Hydrolix Delivers Big Game Observability for Major Broadcast and Streaming Content Provider

Learn how Hydrolix provides observability to our clients during peak streaming events.

Franz Knupfer

Published:

Feb 28, 2024

7 minute read
,

With a record-setting 123.7 million viewers tuning in, the big game between San Francisco and Kansas City wasn’t just a game. It was a milestone in over-the-top live sports broadcasting delivered across the platform of one of the world’s largest broadcast, cable, and streaming providers.

Behind the scenes, Hydrolix provided the customer with end-to-end observability and deliverability intelligence, creating a complete view from stream origin to end user.

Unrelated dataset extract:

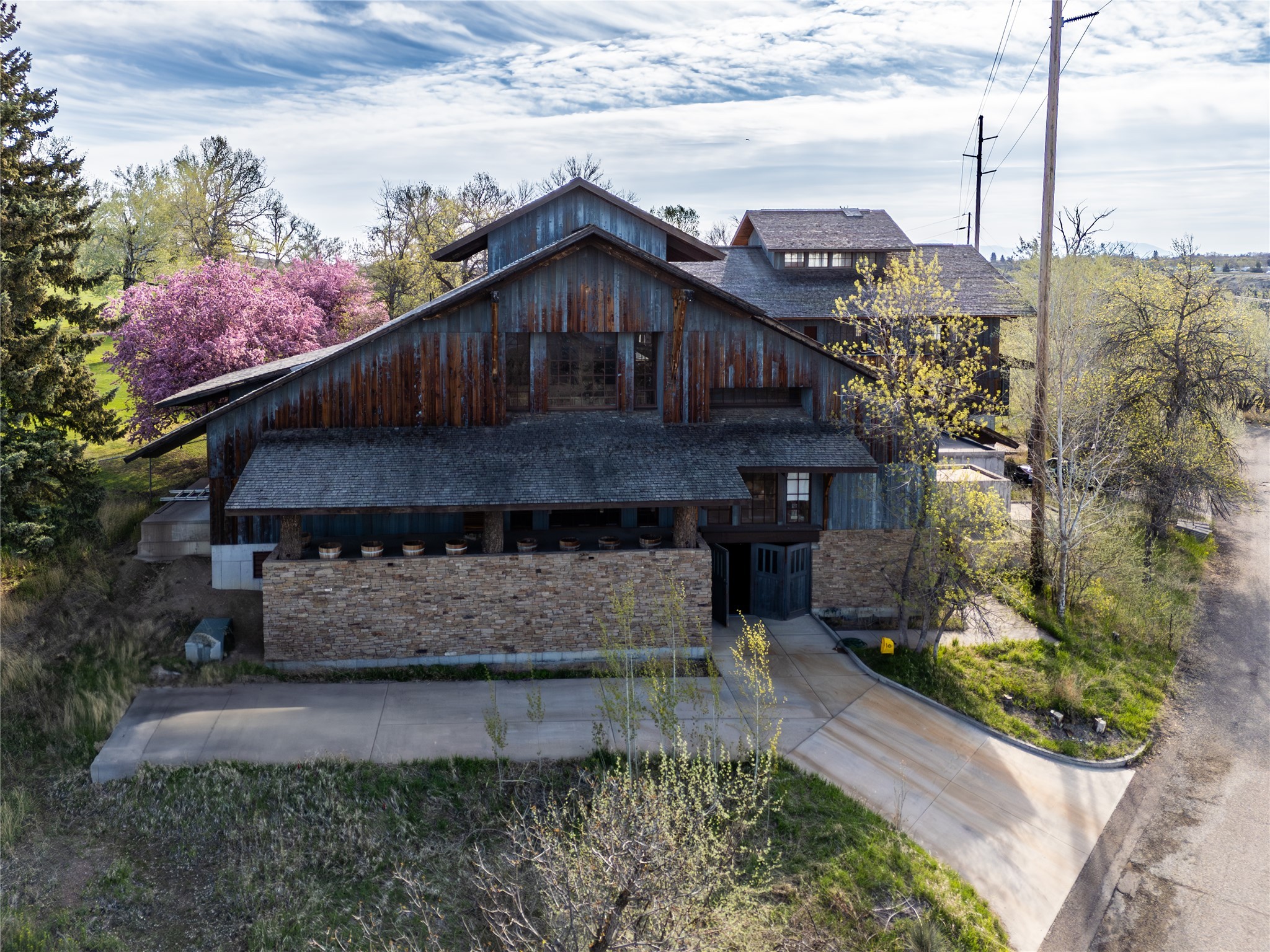 3 Anaconda Hills Drive Property Photo 3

Our team worked directly with the client’s operations team, including on-site, to navigate the immense data challenges of the event.

Performance Highlights:

  • Peak ingestion rate of 10.8 million rows/sec, with 53 billion records collected and 41 TiB of data transformed into 5.76 TiB of compressed data stored. (Hydrolix’s merge service will continue to compress the data.)
  • Across all partners, we saw peaks of 20 million rows/sec, and managed over 100 billion log lines.

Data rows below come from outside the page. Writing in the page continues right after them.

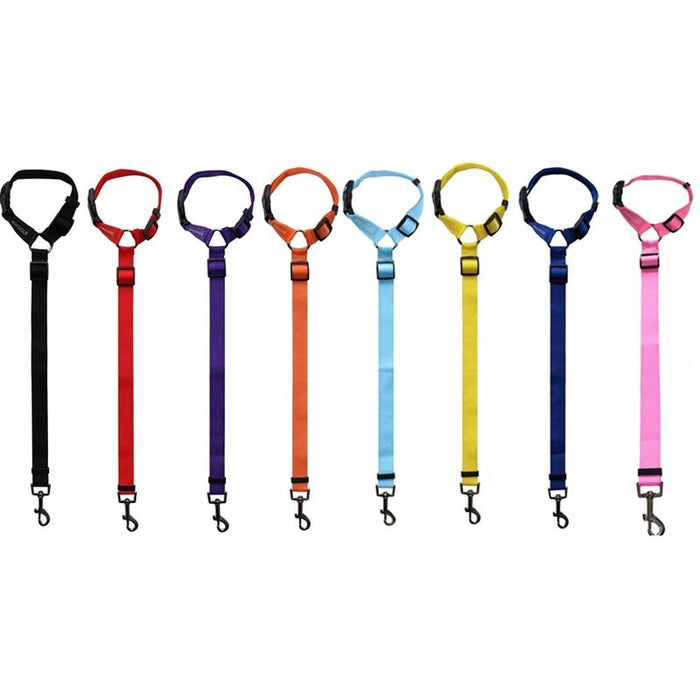 Dog Car Seat Belt For Safe Travel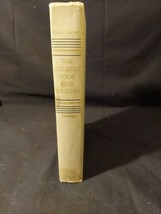 1955 The Greatest Book Ever Written Old Testament Story Fulton Oursler H... - £6.91 GBP
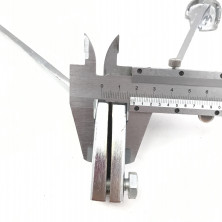 Педаль переключения передач трицикл LF200ZH-2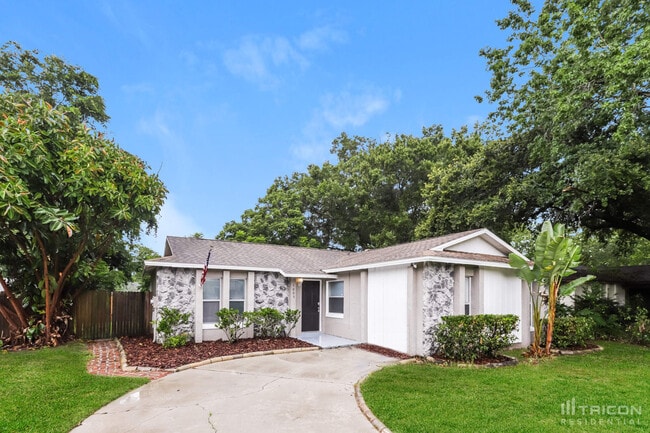 property at 1005 Park St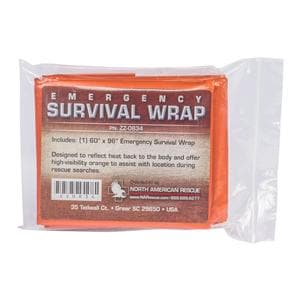 Hypothermia Blanket Ea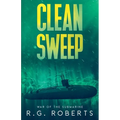 Clean Sweep - Paperback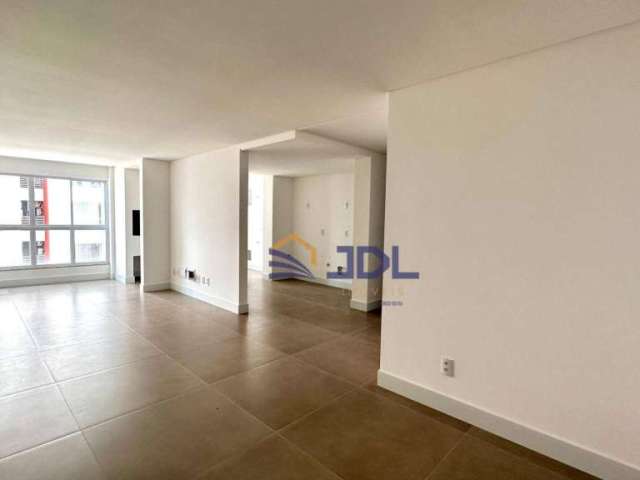 Apartamento à venda, 106 m² por R$ 698.740,00 - Centro - Blumenau/SC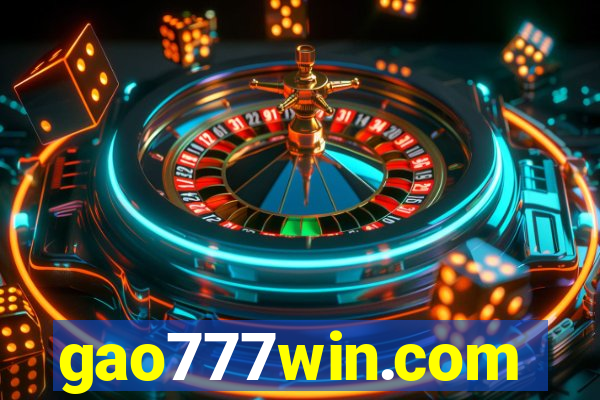 gao777win.com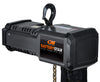 CM BatteryStar 1000kg Battery Powered Chain Hoist
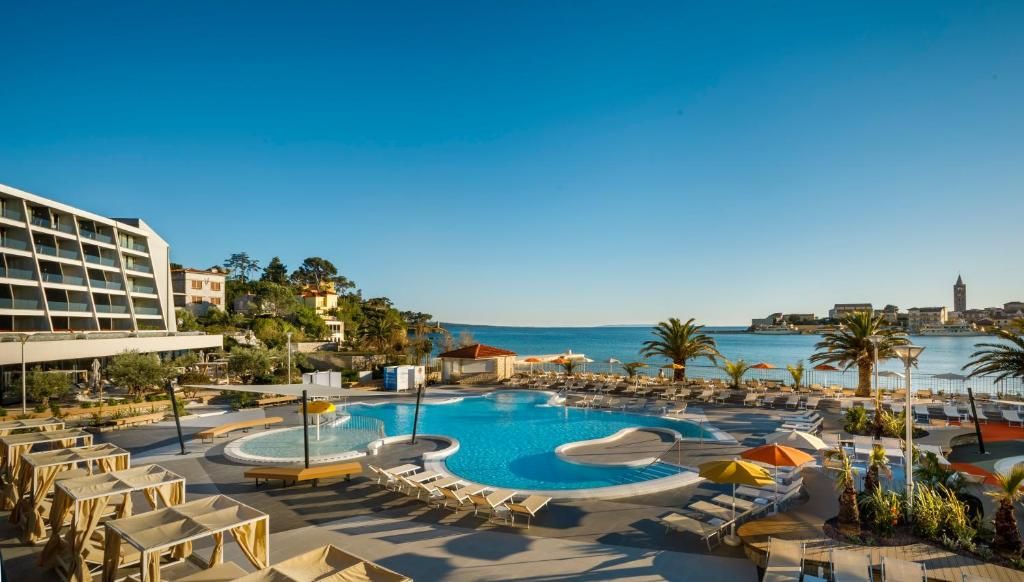 Valamar Padova фото 9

The next image shows a dashboard of Hydrolix’s ingest service during the event. In this snapshot, Hydrolix was ingesting 9.73 million rows per second with 3 seconds of ingest latency. Data is normalized and transformed as it’s ingested and then stored in cost-effective cloud-based object storage.

Dashboard shows Hydrolix ingestion statistics

Because Hydrolix is stateless, decoupled, and uses cloud-native Kubernetes, every part of the system can be scaled independently. For this use case, stream heads and stream peers were scaled up to provide massive parallelism.

“This is the sort of day Hydrolix was built for. Not just this customer but multiple partners faced massive peaks in traffic, requiring real-time operational decisions based on colossal data inflows. We’re proud to say Hydrolix delivered. Achieving this scale and performance, as cost-effectively as we did, sets us apart in the industry.”

Marty Kagan, Co-founder of Hydrolix

Let’s take a look at some of the streaming media use cases that our customers and partners used for this event.

Monitoring Over-the-Top Video at Scale

As end users move away from traditional cable, over-the-top streaming video content has become increasingly popular. However, providing a high quality over-the-top viewing experience to tens of millions of users comes with a unique set of challenges. In addition to being spread across the globe, end users stream events through a wide range of devices, content delivery networks (CDNs), and internet service providers (ISPs). And to make matters worse, large scale events can be targets for both malicious activity and streaming piracy.

To provide a quality experience to as many viewers as possible, providers need to monitor a wide range of logs and metrics, including CDN performance, Common Media Client Data (CMCD), IP activity, edge data, and device data.

CDN Performance

To serve an event to millions of users around the globe, providers rely on content delivery networks to ensure performant streaming. At any given moment, a CDN may experience high loads and inconsistent performance, especially for very large events. Major providers typically use multiple CDNs, and it’s not uncommon to shift traffic from one CDN to another to improve the end user experience. Here are just a few important CDN metrics to monitor:

  • CDN bandwidth
  • 4xx error codes
  • 5xx error codes
  • Error rate % per CDN
  • Success rate % per CDN

To effectively compare CDN performance, you can ingest multiple data sources into one Hydrolix table. This is a common use case for our customers and partners. In addition to making comparisons between CDNs easier, you’ll avoid complex, compute-intensive JOINs across multiple tables. Hydrolix tables are extremely flexible. Each ingest source can have different columns. And you can use Hydrolix transforms to normalize and standardize incoming data on the fly to ensure your comparisons are consistent.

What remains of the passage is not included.